ここから本題ですが、
では具体的に、テン泊(テンパク)の何がいいのか。
はじめに、テントじたいの物理的なよさから。
軽くてコンパクト、丈夫で、
どこにでも持っていけるから節約にもなる。
ちなみにテントにはいくつか種類があって、
大別すると、いわゆるアウトドアキャンプ用のテントか
「山岳テント」、つまり登山用のテントになると思います。
私たち夫婦が使っているのは、その山岳テントのほうです。
車で運ぶことの多いキャンプ用とちがって
人がかついでいくことを前提としているので、
じつはそんなに重くありません。

これがうちの装備です。
一番上にあるのは寝袋で、それ以外がテント一式。
想像していたよりは、コンパクトだなと思いませんか?
山岳テントの場合、2人用でだいたい1.5キロ前後。
最近はどんどん軽量化が進んでいて、
1人用なら500g以下、というものもあるようです。
思い立ったらわりとどこへでも持っていけるので、
旅行先でもかなり活躍しています。
テントがあることで臨機応変に行動できるし、
宿泊費の節約にもなる。
私たちは買ってから1年くらいで、すぐ元がとれました。
たとえばこちらはスイスの広大なオートキャンプ場。
立派なキャンピングカーで来ている人だらけの中で、
こんなちんまりとしたテントはもちろん私たちだけでしたが(笑)。

たとえよく知らない場所でも、
テントをポンと置いた瞬間、
そこに自分の部屋ができた感覚になれるのがすごいところ。
薄いテントのカバーでおおわれただけなのに
なんということでしょう、
この安心感。
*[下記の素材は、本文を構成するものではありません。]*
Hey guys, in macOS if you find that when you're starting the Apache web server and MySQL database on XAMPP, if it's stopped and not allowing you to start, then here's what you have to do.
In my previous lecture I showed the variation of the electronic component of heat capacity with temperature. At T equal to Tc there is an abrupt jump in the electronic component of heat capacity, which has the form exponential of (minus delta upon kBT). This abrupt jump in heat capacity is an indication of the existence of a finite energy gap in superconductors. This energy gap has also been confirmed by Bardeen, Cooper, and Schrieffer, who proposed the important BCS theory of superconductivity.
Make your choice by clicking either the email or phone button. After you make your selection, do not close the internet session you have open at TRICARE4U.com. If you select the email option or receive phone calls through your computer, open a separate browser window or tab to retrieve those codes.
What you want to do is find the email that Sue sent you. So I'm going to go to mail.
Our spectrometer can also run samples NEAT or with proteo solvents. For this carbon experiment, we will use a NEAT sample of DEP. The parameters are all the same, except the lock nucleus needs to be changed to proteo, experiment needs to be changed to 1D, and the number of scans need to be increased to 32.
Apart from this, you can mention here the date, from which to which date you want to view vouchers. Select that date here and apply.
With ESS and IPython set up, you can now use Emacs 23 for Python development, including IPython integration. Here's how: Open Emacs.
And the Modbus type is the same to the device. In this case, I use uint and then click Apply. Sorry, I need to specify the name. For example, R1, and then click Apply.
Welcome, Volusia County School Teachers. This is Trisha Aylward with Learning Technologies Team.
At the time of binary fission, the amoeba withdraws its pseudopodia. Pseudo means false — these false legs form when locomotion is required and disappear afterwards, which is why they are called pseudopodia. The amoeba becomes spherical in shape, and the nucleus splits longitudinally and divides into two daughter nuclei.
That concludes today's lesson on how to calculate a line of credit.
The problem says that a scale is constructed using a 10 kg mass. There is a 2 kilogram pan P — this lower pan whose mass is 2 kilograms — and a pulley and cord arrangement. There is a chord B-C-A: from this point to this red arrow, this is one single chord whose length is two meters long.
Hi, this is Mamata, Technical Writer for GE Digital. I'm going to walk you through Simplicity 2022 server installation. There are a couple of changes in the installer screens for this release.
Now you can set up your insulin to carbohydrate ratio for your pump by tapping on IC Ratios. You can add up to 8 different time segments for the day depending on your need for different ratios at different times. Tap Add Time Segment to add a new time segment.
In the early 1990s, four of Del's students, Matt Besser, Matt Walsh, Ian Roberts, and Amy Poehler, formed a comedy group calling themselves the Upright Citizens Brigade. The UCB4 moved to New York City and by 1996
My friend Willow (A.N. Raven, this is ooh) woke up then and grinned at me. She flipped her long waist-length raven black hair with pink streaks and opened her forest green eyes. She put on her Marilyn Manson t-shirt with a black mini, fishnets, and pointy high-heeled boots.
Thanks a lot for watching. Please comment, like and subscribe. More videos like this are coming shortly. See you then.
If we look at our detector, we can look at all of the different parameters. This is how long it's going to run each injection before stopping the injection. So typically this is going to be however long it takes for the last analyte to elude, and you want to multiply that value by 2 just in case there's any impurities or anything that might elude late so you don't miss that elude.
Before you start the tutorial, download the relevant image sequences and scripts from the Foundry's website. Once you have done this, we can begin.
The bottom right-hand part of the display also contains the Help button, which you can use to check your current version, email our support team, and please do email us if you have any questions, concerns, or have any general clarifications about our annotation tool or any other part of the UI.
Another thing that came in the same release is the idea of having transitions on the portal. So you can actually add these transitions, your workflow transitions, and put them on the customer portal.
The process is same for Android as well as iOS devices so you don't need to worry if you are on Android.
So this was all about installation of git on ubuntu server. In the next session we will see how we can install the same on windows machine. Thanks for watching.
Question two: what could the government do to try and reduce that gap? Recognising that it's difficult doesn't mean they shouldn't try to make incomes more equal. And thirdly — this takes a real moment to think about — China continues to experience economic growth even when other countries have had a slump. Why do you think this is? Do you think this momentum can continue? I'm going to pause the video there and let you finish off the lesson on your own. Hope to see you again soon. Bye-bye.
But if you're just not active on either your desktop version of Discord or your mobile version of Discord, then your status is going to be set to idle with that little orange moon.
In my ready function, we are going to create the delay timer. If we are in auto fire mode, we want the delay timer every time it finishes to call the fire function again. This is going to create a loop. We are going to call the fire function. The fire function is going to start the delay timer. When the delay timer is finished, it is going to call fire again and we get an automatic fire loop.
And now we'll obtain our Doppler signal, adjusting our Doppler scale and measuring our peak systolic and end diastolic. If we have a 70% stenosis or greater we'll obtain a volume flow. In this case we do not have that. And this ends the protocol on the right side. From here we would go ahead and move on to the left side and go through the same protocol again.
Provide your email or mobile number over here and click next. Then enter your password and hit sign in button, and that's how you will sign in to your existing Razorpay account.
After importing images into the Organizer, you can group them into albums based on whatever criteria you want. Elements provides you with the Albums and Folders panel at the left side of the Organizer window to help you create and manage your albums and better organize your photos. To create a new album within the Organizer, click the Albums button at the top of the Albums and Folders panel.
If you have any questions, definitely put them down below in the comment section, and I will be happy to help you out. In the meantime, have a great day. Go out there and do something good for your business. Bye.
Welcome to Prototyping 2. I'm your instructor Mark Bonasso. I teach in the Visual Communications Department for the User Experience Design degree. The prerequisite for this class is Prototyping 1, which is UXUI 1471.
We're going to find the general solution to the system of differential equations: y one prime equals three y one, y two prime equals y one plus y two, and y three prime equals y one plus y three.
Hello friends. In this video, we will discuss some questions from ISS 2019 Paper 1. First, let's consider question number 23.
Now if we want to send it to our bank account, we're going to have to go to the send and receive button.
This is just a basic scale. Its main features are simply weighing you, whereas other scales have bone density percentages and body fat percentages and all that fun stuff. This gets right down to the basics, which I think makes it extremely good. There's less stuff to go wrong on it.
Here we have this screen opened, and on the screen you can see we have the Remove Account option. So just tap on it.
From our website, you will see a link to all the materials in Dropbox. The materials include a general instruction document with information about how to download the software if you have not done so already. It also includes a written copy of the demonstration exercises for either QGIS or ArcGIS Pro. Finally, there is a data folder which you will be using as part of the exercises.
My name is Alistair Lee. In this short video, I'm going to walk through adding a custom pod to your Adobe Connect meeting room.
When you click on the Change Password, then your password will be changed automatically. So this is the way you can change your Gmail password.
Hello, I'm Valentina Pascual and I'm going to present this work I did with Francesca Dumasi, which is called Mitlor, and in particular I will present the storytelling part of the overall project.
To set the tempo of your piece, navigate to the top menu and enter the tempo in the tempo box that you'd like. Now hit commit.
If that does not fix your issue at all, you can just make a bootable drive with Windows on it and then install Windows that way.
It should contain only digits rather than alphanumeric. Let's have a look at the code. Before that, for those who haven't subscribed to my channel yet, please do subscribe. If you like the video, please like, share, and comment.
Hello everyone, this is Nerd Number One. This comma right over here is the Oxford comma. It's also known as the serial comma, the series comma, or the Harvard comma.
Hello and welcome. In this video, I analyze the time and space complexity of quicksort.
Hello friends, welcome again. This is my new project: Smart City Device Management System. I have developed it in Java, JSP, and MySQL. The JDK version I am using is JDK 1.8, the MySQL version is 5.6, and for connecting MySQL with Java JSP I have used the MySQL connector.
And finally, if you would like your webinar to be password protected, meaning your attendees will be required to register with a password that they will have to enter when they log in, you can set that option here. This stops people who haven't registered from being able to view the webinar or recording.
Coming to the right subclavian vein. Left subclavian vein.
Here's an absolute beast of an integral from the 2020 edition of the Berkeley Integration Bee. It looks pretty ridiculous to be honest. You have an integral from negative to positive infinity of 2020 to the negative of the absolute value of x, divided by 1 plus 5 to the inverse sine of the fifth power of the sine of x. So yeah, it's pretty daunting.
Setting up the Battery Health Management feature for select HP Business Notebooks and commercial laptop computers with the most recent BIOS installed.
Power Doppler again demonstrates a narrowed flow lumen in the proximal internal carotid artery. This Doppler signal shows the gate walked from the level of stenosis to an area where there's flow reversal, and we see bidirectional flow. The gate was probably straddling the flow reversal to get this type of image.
守られてる感。
テントの中はほんわかと温かいので、
気持ちもおだやかになるようです。
これってもしかしたら、
母親のおなかの中にいたときの感覚‥‥?
私なんて、リラックスしすぎて
10時間、山のふもとのテントで熟睡したことがあります。
不眠になやむかたには、テント睡眠をぜひおすすめしたいです。
ただし注意点としては、音は基本的につつぬけです。
こちらの出す音も外に聞こえてしまいます。
お隣のテントが近い、なんていうときは要注意。
それでも、視界はさえぎられているぶん、
プライベート感はかなり保たれると思います。
それと、音で言えば、夜中にゴォーと風の鳴る音や
雨の打ちつける音にドキドキしたり、
外がそんなに荒れてるのに、テントの中は静かで、
ものすごく安どしたり。
そんなふうに外の様子を間近に感じながら過ごせるのも、
テン泊ならではの素敵なところだと思います。
自分はいつもと変わらないのに、いつもとおなじテントなのに、
目の前の景色が、聞こえてくる音がちがう。
いつもそんなワクワクがあります。
非日常の場所を訪れていても
そこでふだんのように起きて、着替えて、
ご飯をたべて、眠って‥‥と「生活」ができるテン泊。
山でも海でも、ただただ広い場所でも、実家の庭でも
きっと、どこでもいいと思う。
空を見ながら小さな鍋でお湯をわかすとか、
腰から下はぬくぬくと寝袋に入ったまま
テントの入り口から顔だけ外に出して歯みがきするとか。
私も自分が体験するまでわからなかったのですが、
これってすごく楽しいので、
みなさんにも、ぜひやってもらいたいなあと
思ったりしています。
道具にこだわったりおしゃれな感じにもできるけど、
私は、この生活感あふれるシンプルなテン泊が
とても好きです。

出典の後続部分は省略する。